So, in conclusion, the correct choice depends on how the daemon
behaves. If you want to settle this argument (and if you want to
get correct logging behavior...), you must first understand what
the daemon does.
- Logan
[1] It's inefficient, but a daemon certainly could do it. And, if
not a traditional daemon, then certainly there are shell
scripts of this form:
#! /bin/sh
logfile=/var/log/whatever
log_a_message ()
{
echo "$1" >> "$logfile"
}
log_a_message "first message"
log_a_message "second message"
and scripts of that form will re-open() the file every time
they write to it.
| |
|
| Thanks everyone for ya'all input, it is much appreciated. After some
experimentation, I found that using the mv command with the subject
application/process, it went brain dead and no longer recorded log
entries, However, using the cp command worked flawlessly, though
slower on large log files.
Thanks again
| |
|
| On Fri, 15 Dec 2006 07:48:34 -0500, Otto wrote:
> Thanks everyone for ya'all input, it is much appreciated. After some
> experimentation, I found that using the mv command with the subject
> application/process, it went brain dead and no longer recorded log
> entries, However, using the cp command worked flawlessly, though slower on
> large log files.
>
> Thanks again
One pro for the cp method is that since you are truncating the existing
log file you don't run the danger of altering the ownership / permissions
that you might if creating a new log file.
JohnK
| |
| George Baltz 2006-12-15, 1:20 pm |
| On Fri, 15 Dec 2006 02:01:15 +0000, Logan Shaw wrote:
> Andy Johnson wrote:
>
> That's not always true. Some daemons automatically re-open() the file
> periodically.
>
> If the daemon re-open()s the file (either automatically or after being
> signaled), then using the mv method is superior: you simply do the mv
> first and create the new file, and the daemon continues writing to the old
> file (which now has a different name) until it re-open()s the file, at
> which time it starts writing to the new file. If you use this method,
> then *none* of the log messages are lost.
>
> - Logan
There is one more defense against the daemon's fickleness - make sure the
real name always exists - how about :
ln log log.YYMMDD
touch log.new
mv log.new log
Since the last mv is 'atomic', there is always a file name entry that a
daemon can open. The previous log.YYMMDD data (and inode) is untouched,
so there shouldn't be any messages lost no matter which behavior the
daemon has.
--
George Baltz N3GB
Computer Sciences Corp Rule of thumb: ANYthing offered
@NOAA/NESDIS/IPD by unsolicited email is a hoax,
Suitland, MD 20746 ripoff, scam or outright fraud.
| |
| Logan Shaw 2006-12-16, 7:26 am |
| George Baltz wrote:
> There is one more defense against the daemon's fickleness - make sure the
> real name always exists - how about :
>
> ln log log.YYMMDD
> touch log.new
> mv log.new log
>
> Since the last mv is 'atomic', there is always a file name entry that a
> daemon can open.

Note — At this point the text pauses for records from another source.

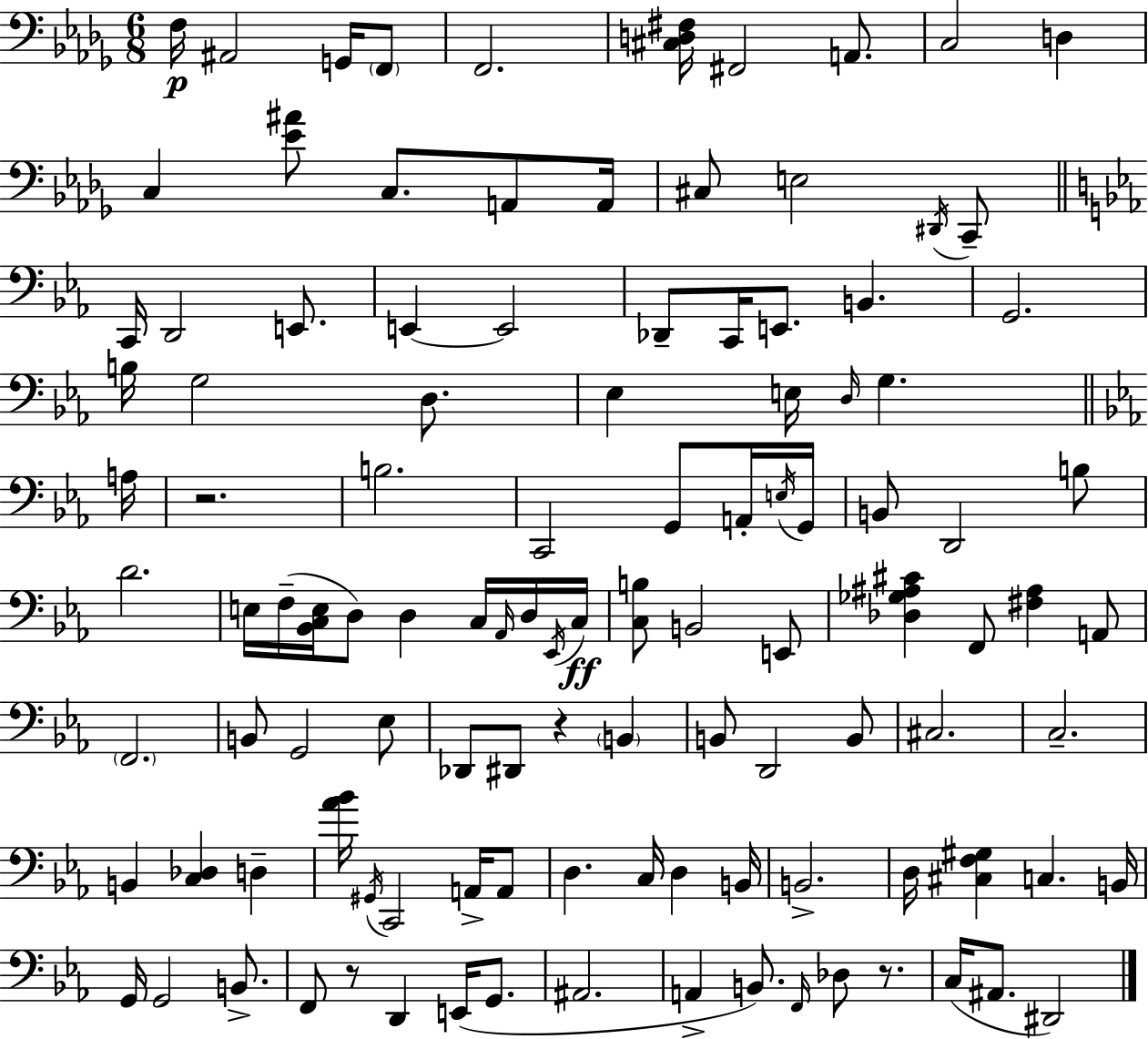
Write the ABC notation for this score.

X:1
T:Untitled
M:6/8
L:1/4
K:Bbm
F,/4 ^A,,2 G,,/4 F,,/2 F,,2 [^C,D,^F,]/4 ^F,,2 A,,/2 C,2 D, C, [_E^A]/2 C,/2 A,,/2 A,,/4 ^C,/2 E,2 ^D,,/4 C,,/2 C,,/4 D,,2 E,,/2 E,, E,,2 _D,,/2 C,,/4 E,,/2 B,, G,,2 B,/4 G,2 D,/2 _E, E,/4 D,/4 G, A,/4 z2 B,2 C,,2 G,,/2 A,,/4 E,/4 G,,/4 B,,/2 D,,2 B,/2 D2 E,/4 F,/4 [_B,,C,E,]/4 D,/2 D, C,/4 _A,,/4 D,/4 _E,,/4 C,/4 [C,B,]/2 B,,2 E,,/2 [_D,_G,^A,^C] F,,/2 [^F,^A,] A,,/2 F,,2 B,,/2 G,,2 _E,/2 _D,,/2 ^D,,/2 z B,, B,,/2 D,,2 B,,/2 ^C,2 C,2 B,, [C,_D,] D, [_A_B]/4 ^G,,/4 C,,2 A,,/4 A,,/2 D, C,/4 D, B,,/4 B,,2 D,/4 [^C,F,^G,] C, B,,/4 G,,/4 G,,2 B,,/2 F,,/2 z/2 D,, E,,/4 G,,/2 ^A,,2 A,, B,,/2 F,,/4 _D,/2 z/2 C,/4 ^A,,/2 ^D,,2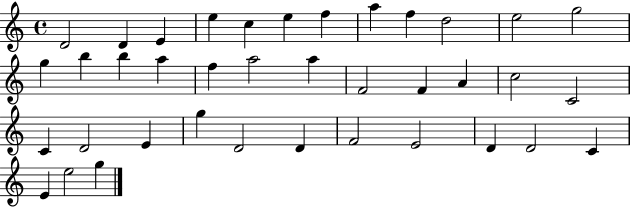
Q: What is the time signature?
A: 4/4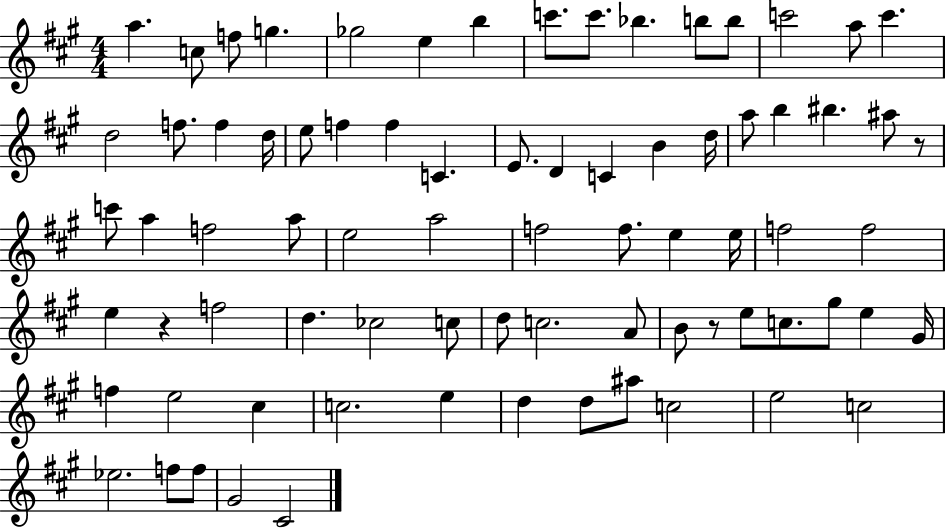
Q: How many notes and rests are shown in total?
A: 77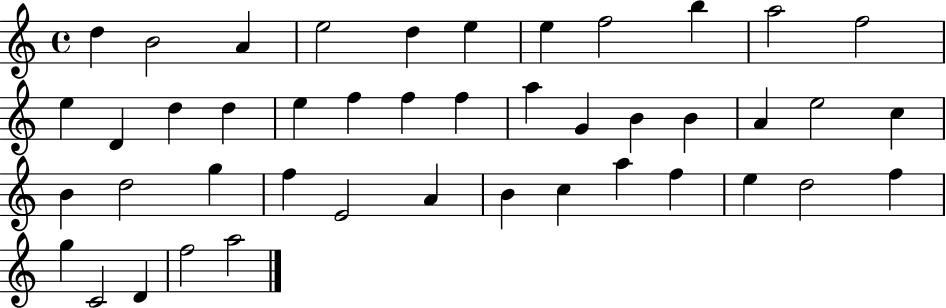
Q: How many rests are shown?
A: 0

The previous log.YYMMDD data (and inode) is untouched,
> so there shouldn't be any messages lost no matter which behavior the
> daemon has.
You know, I've been using Unix for many years now (closer to 20 than to 10,
so not any kind of record, but still), and I've never thought about doing
log files that way up until now. When I first looked at it, I was sure
that the "mv" was going to clobber log.YYMMDD, but now that I think about
it some more, it's obvious that it should work just great.
Of course, then there is the small matter of figuring out how long you
have to wait before you can run "gzip log.YYMMDD". :-)
- Logan
| |
|
| Logan Shaw <lshaw-usenet@austin.rr.com> wrote:
>You know, I've been using Unix for many years now (closer to 20 than to 10,
>so not any kind of record, but still), and I've never thought about doing
>log files that way up until now. When I first looked at it, I was sure
>that the "mv" was going to clobber log.YYMMDD, but now that I think about
>it some more, it's obvious that it should work just great.
>
>Of course, then there is the small matter of figuring out how long you
>have to wait before you can run "gzip log.YYMMDD". :-)
>
> - Logan
Hey Logan... I'm with ya, been messing with unix since about 1985 and
ya got me thinking about the wait on the cp before gzip'n the file...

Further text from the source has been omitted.